- WHAT THE EXERCISE ASKS -
Reproduction of part of the material below, pictures omitted: copy exactly, and only, the lines starting with the one with "New 2026 Land Rover Defender 110 S image 5" and going on through the one with "Bán sàn văn".

- RECORDS SHOWN -

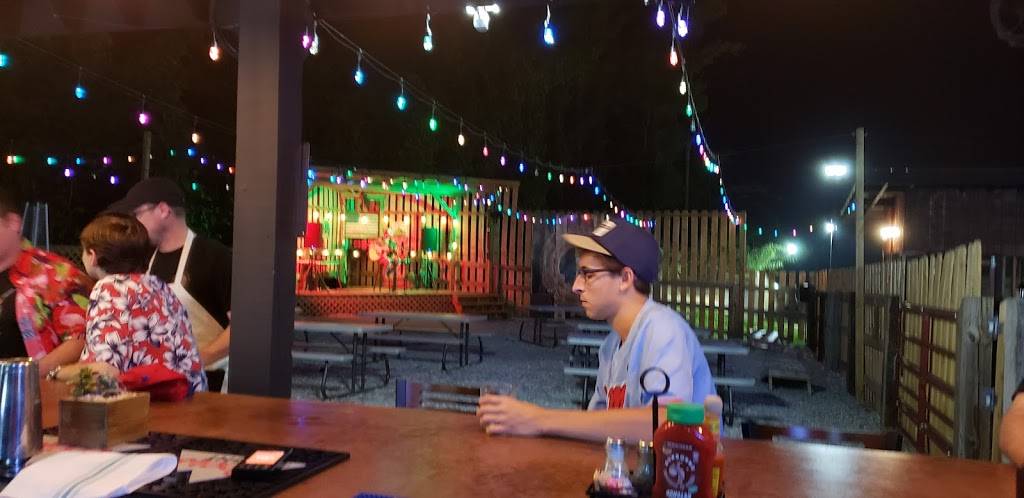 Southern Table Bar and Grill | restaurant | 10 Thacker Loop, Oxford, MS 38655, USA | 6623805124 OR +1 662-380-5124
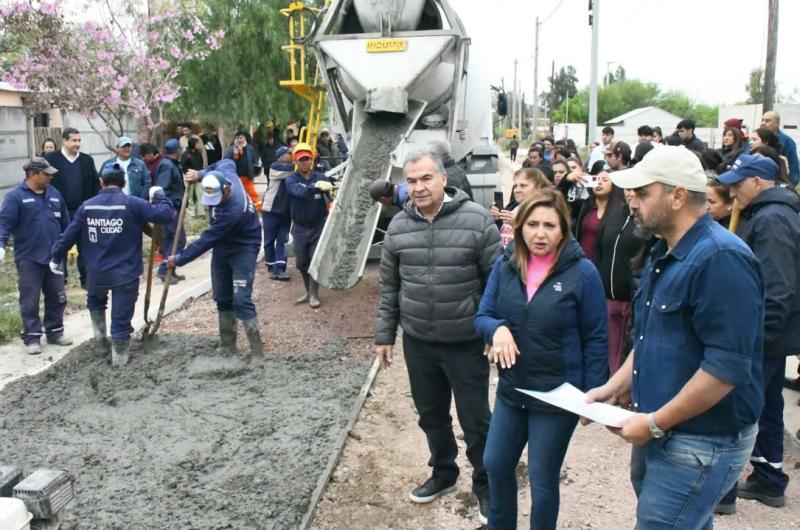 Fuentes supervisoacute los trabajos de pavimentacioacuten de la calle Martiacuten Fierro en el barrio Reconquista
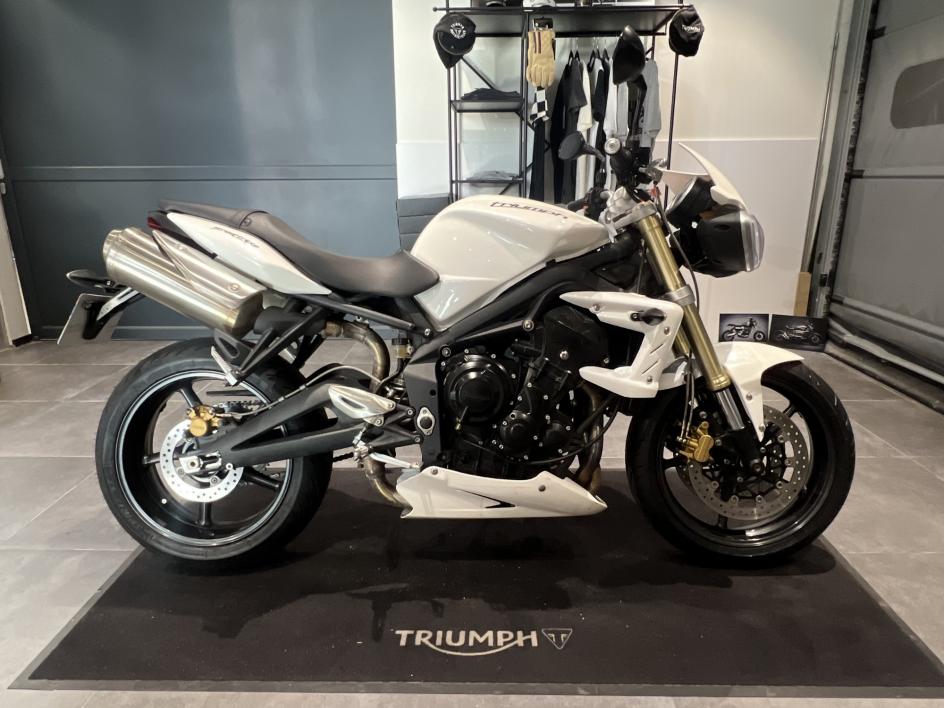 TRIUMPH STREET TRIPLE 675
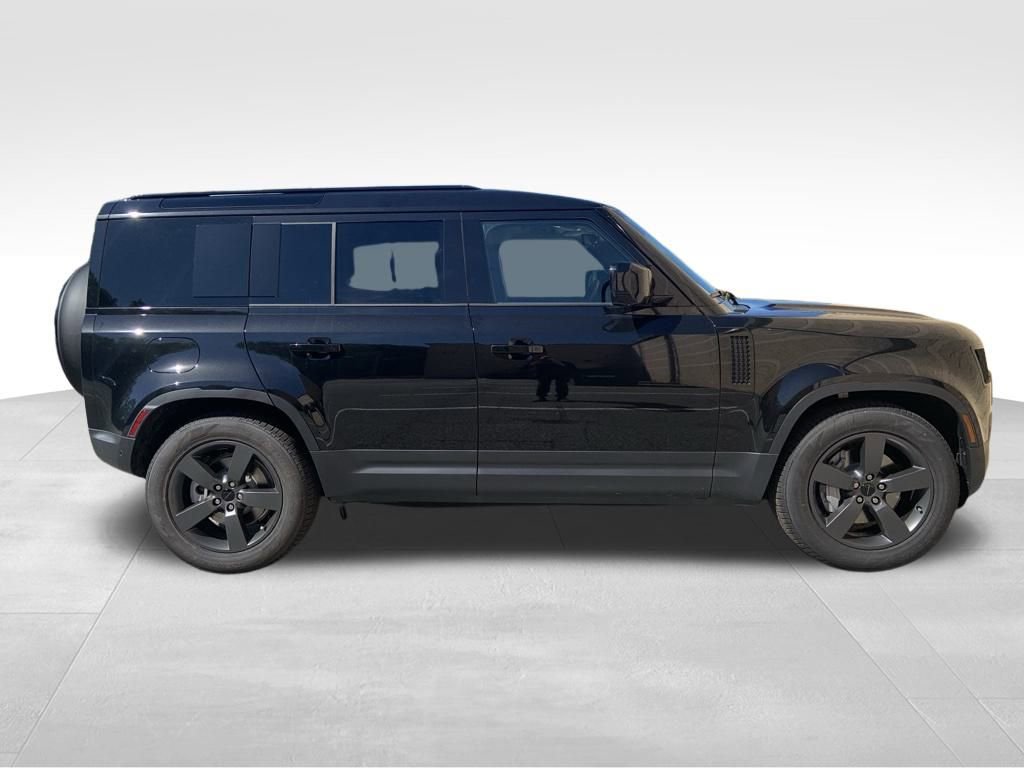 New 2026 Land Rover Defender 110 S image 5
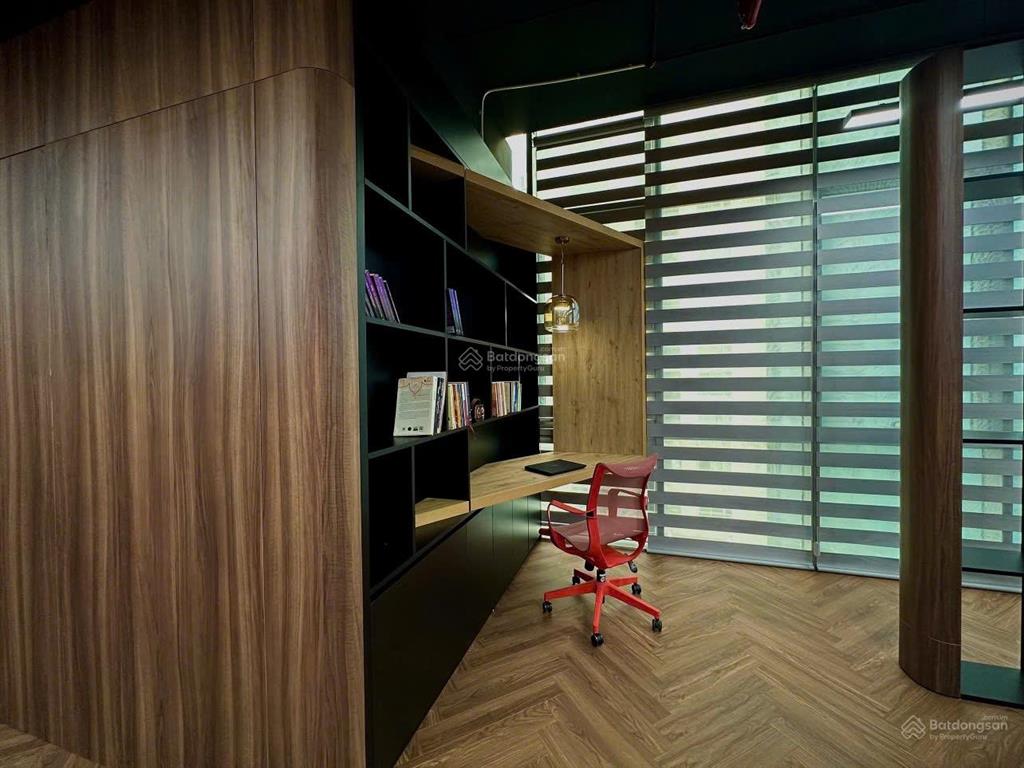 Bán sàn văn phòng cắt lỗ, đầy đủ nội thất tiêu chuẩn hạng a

==

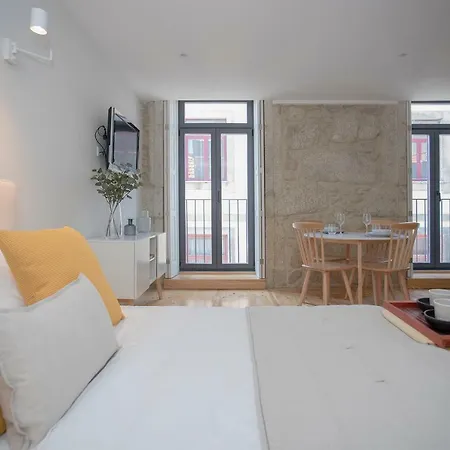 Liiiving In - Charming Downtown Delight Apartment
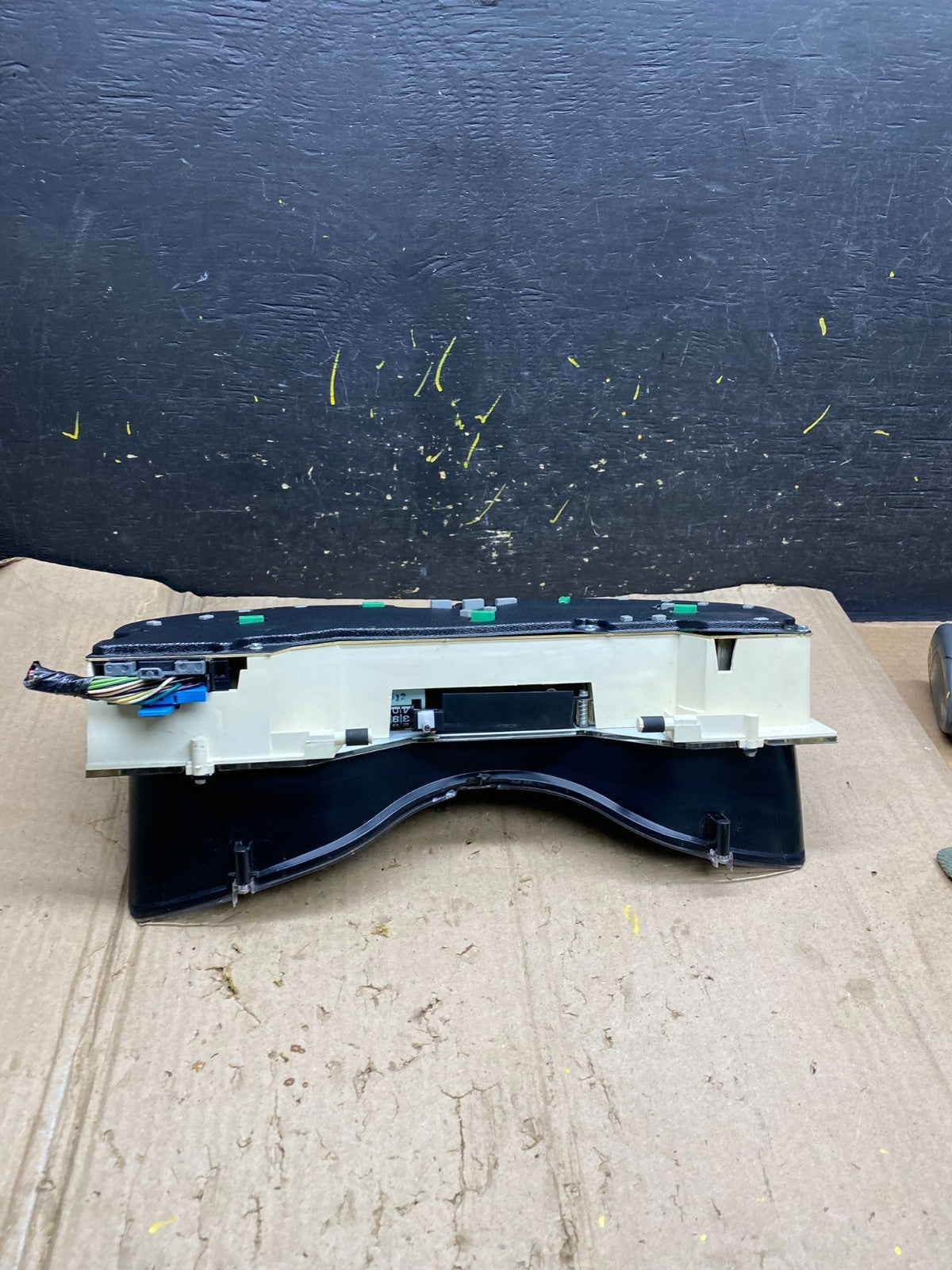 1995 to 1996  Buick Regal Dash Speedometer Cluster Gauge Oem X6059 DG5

- TASK SOLUTION -
 New 2026 Land Rover Defender 110 S image 5
 Bán sàn văn phòng cắt lỗ, đầy đủ nội thất tiêu chuẩn hạng a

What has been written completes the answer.